I glimpse two, maybe three, front teeth. A drop of sweat hangs precariously to the end of his nose. The heat is no friend to his size.
The bruiser pauses, stands back a little, then takes a drink from an ice cold beer. His thirst quenched he picks up his razor and returns to the task in hand. My haircut is back on track.


Click on the picture to see Hrvoje’s unique salon

Hrvoje Cikato has been cutting hair, he’d never say styling, for 52 years. His shop is a monument to the bizarre. It houses an eccentric collection of clocks, caged birds, old hairdressing paraphernalia, religious artefacts, girlie calendars and all manner of pictures.
It is a small room in the ancient walled city of Dubrovnik. The Croatian city is UNESCO world heritage listed. The UN would be well advised to consider a separate listing for Hrvoje and his shop.

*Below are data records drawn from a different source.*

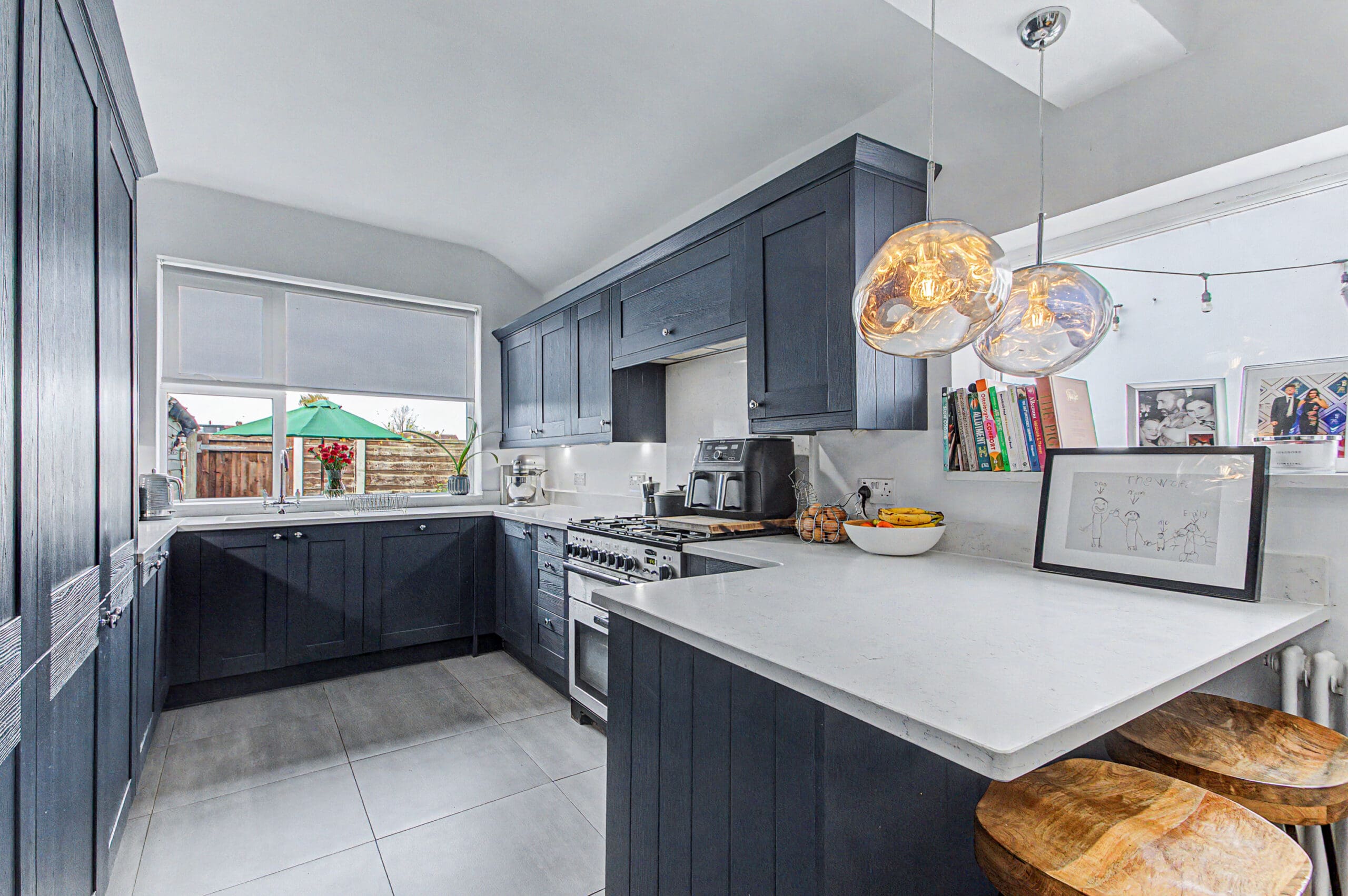 Whitelake Avenue, Flixton - VitalSpace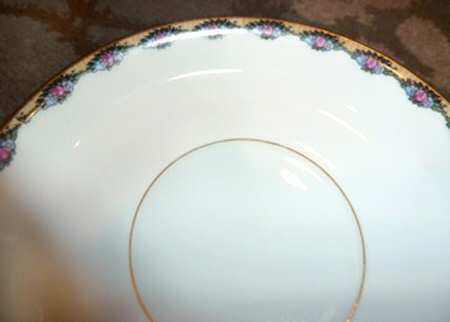 R2552 by Rosenthal - Continental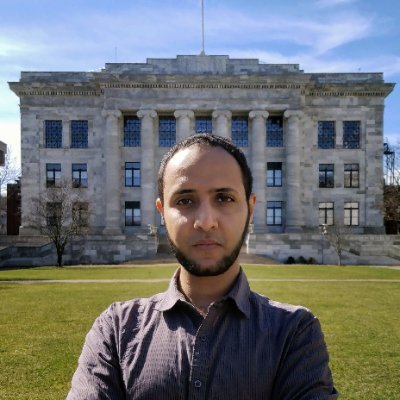 I'm an Artificial Intelligence & Healthcare enthusiast with a background in machine learning, signal processing and medical imaging.

Currently RA @harvardmed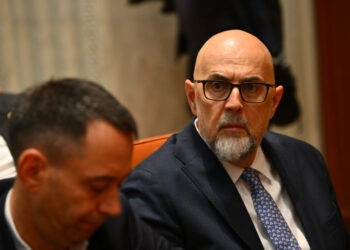 kelemen-hunor,-despre-comasarea-localitatilor-mici:-reforma-administrativa-in-teritoriu-e-cu-totul-altceva-decat-reforma-institutiilor-guvernamentale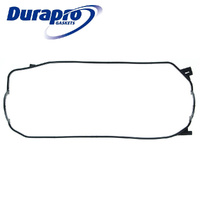 VALVE COVER FOR HONDA D13 D15 D16
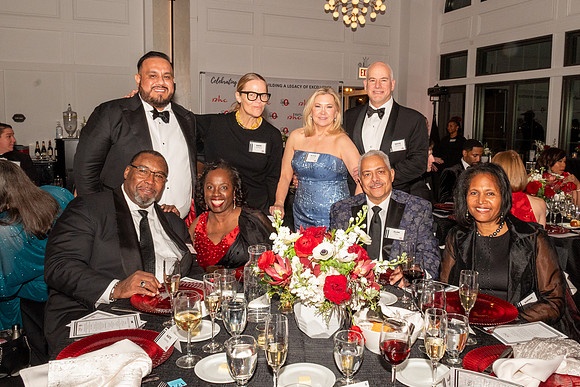 RSHC Partners Black Tie Dinner, 01-15-2026 (198)
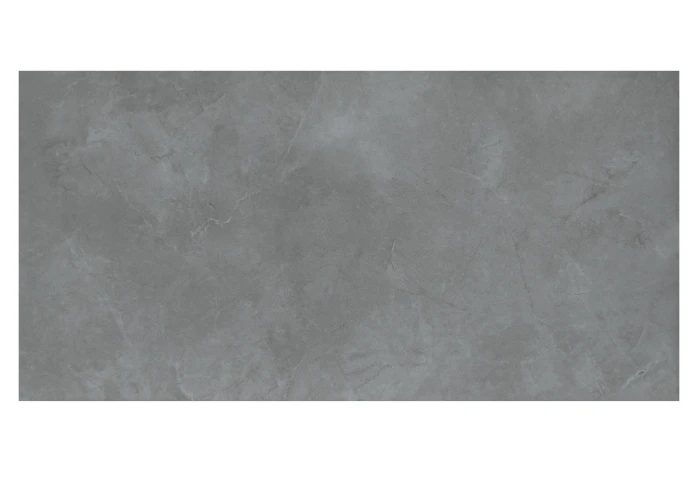 Gresie Vela 60x120 Anka antracit mat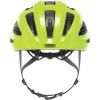 Abus helma MACATOR (signal yellow) (Velikost L (58—62 cm))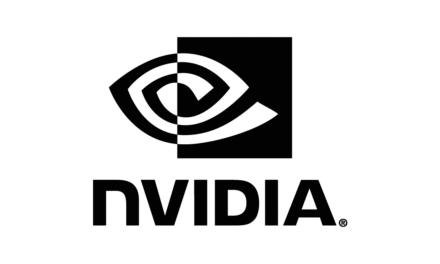 Nvidia Webpage Reportedly Found Leaking Customer’s Email Addresses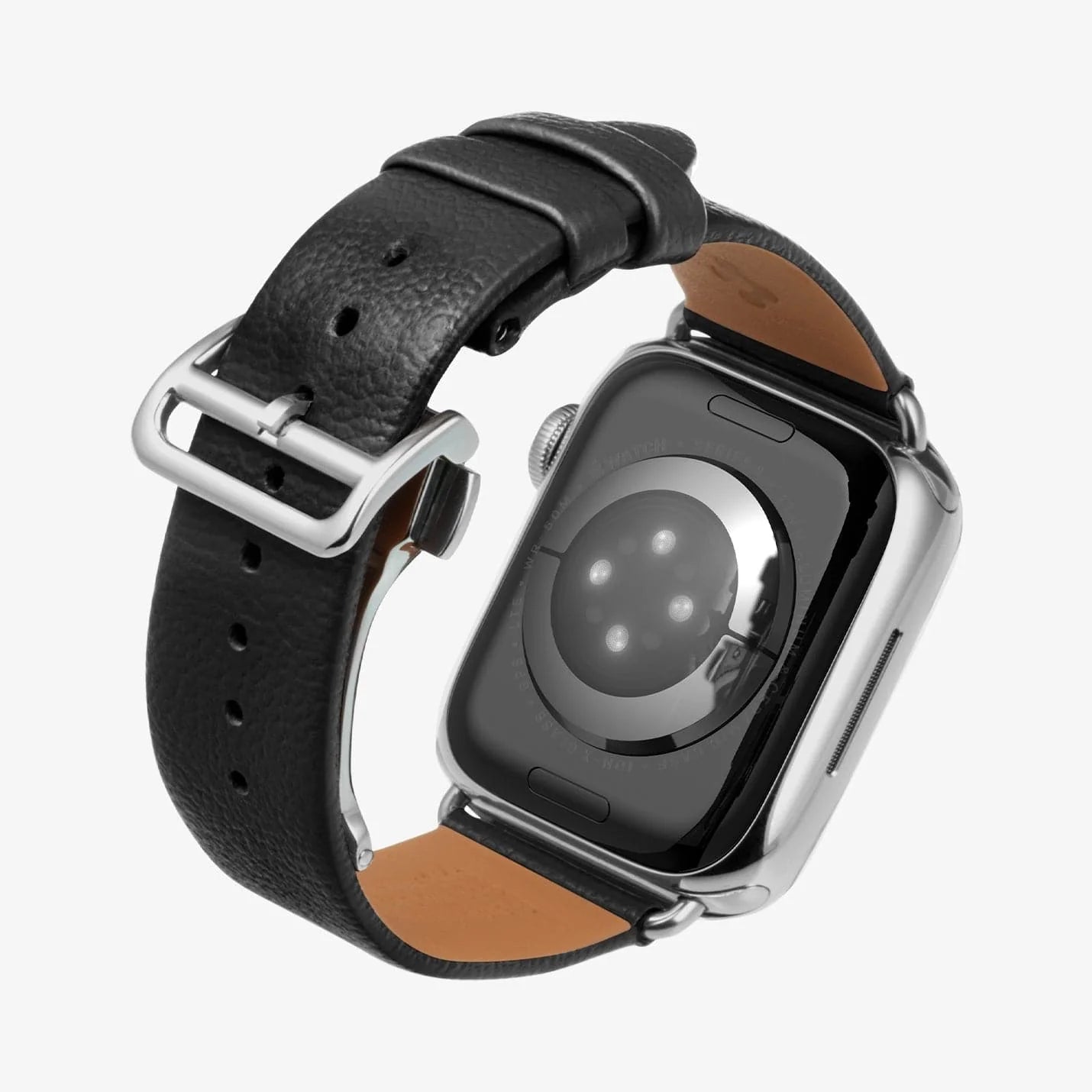 spigencase.it.com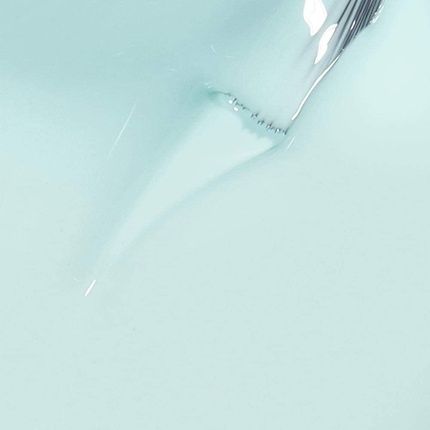 Opi Fall Venice 2015 Nail Polish Collection Gelato On My Mind 15Ml - Image 3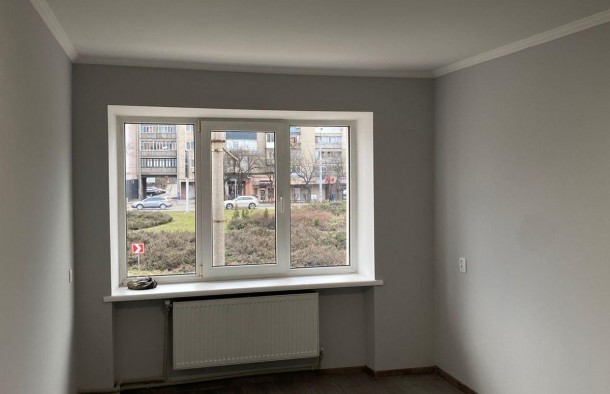 Продаю  1к. квартиру в ІваноФранківську, фото 1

Hairdressing is in the blood, his father Angelo was a barber for 50 years. They’ve used the shop since the 1940s save for the time the Serbs and Montanegrins laid siege to the city in the early 1990s. Around 100 people were killed and two thirds of the Old Town buildings were damaged.


Hrvoje after the 1991-92 siege

Among them was the Cikatos’ salon. It took a direct hit. Father and son had completed an expensive refit of the shop a few weeks before the siege. They moved to temporary premises just down the alleyway and couldn’t return for a decade.

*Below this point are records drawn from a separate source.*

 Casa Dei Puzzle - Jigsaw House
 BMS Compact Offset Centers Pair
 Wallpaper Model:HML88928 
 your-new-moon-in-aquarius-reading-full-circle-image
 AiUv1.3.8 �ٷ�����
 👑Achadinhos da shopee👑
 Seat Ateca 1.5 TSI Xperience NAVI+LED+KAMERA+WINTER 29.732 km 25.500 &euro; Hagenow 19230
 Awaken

The shop is rarely empty. Most callers are friends who come to chat, they also bring the 66 year old some bottles of beer. I hope I’ve timed my cut so that the beer is a help rather than an intoxicating hindrance. His friends assure me he never has more than two or three bottles a day. There are a few empties around the salon including a bottle of cognac. But who’s counting.

The shop is a draw for tourists who venture down the alleyways off the Stradum, the Old Town’s 13th century limestone cobbled thoroughfare. In summertime the city heaves with visitors. Four cruise ships disgorge 11,000 in a single day while I’m there. A walk along Dubrovnik’s walls can take hours.

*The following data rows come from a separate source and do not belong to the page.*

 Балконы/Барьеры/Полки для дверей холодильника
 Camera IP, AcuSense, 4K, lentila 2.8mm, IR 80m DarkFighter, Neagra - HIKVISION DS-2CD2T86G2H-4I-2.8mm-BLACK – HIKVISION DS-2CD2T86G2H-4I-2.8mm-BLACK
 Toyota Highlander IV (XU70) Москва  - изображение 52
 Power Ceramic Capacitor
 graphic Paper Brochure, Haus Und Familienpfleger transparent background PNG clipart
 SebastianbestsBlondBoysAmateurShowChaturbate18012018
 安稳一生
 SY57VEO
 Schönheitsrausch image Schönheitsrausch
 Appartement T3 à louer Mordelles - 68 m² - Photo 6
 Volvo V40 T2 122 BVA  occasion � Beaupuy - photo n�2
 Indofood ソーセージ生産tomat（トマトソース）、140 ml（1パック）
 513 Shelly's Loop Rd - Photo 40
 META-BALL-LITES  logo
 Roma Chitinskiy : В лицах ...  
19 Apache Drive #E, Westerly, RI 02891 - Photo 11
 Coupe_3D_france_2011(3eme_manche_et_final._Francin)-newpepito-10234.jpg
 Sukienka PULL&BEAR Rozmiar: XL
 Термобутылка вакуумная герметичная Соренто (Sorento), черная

The gentle giant hairdresser

Many tourists stumble upon Hrvoje’s shop, peer inside and when they spot the exotica their cameras begin to whir. He never complains, knowing some will venture in for a cut. Thank you letters from around the world adorn his walls.

Pride of place is a photo of film star Richard Gere who dropped in one day for a trim. The gentle and personable giant even has a photograph of a member of the Obama clan getting a cut. My enquiries can’t quite work out the exact relationship with Barack but the beer will probably aid his memory later in the day.

One star whose hair he won’t be cutting is Severina, Croatia’s version of Kylie Minogue. While I’m in town she gives a free concert in the Stradum to mark the country’s entry to the EU. The Old Town is packed tight that night. I knew nothing of the diva but a quick search of the net reveals her star status.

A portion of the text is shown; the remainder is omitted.